Skip every picture, and output exactly the lines starting at the one with "Endangered orca pod" and running through the last line of the material below.

- **RECORDED DATA**
+ + + + + + +

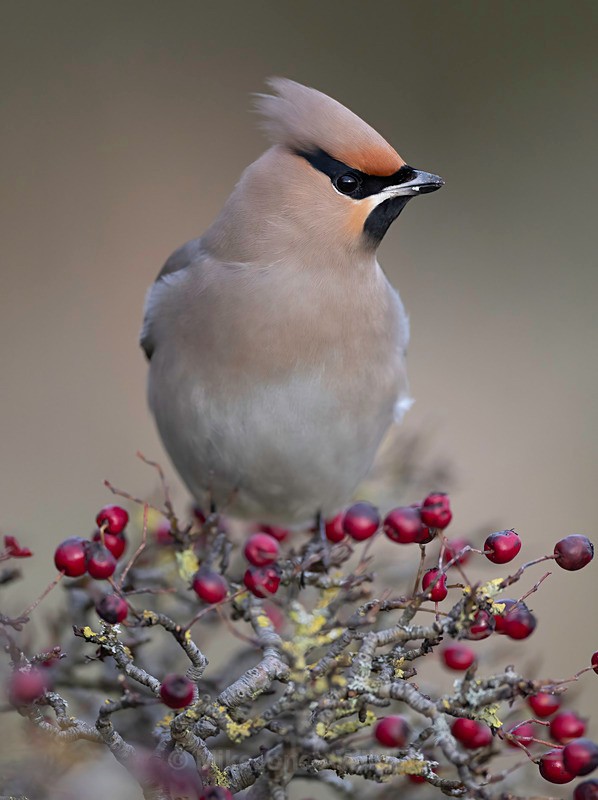 WAXWING HALKYN 15 - WAXWINGS. February 2024 [Halkyn Mountain, North Wales. UK ]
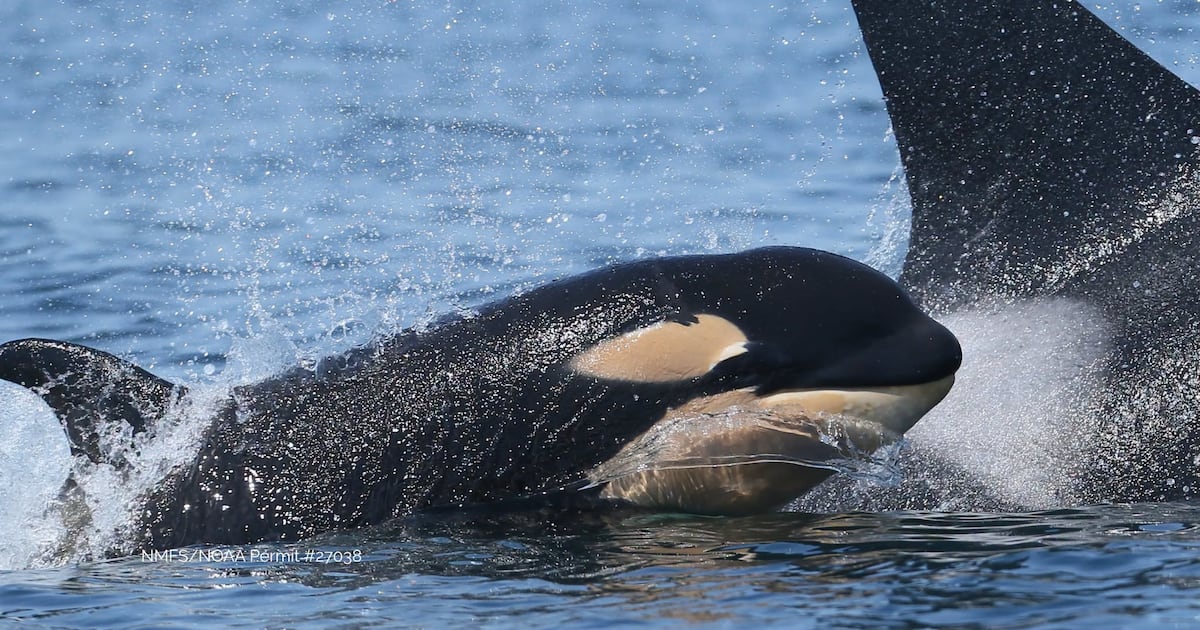 Endangered orca pod welcomes new calf - CTV News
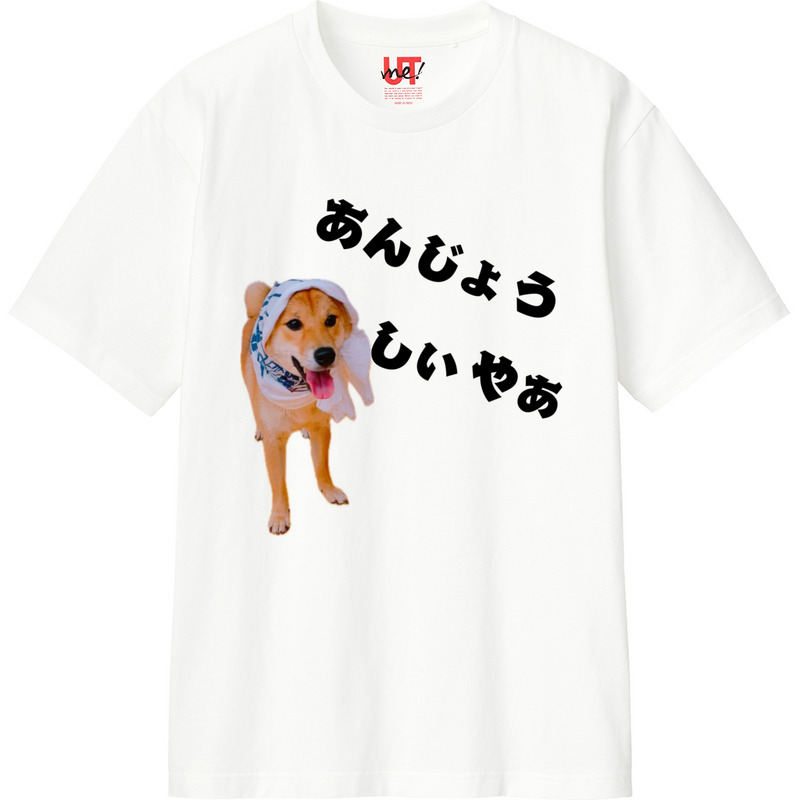 Dcddcac4 14cf 4c09 a0f6 2df1af3abcc5 110 print ll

+ + + + + + +

- **REPLY TO THE TASK**
 Endangered orca pod welcomes new calf - CTV News
 Dcddcac4 14cf 4c09 a0f6 2df1af3abcc5 110 print ll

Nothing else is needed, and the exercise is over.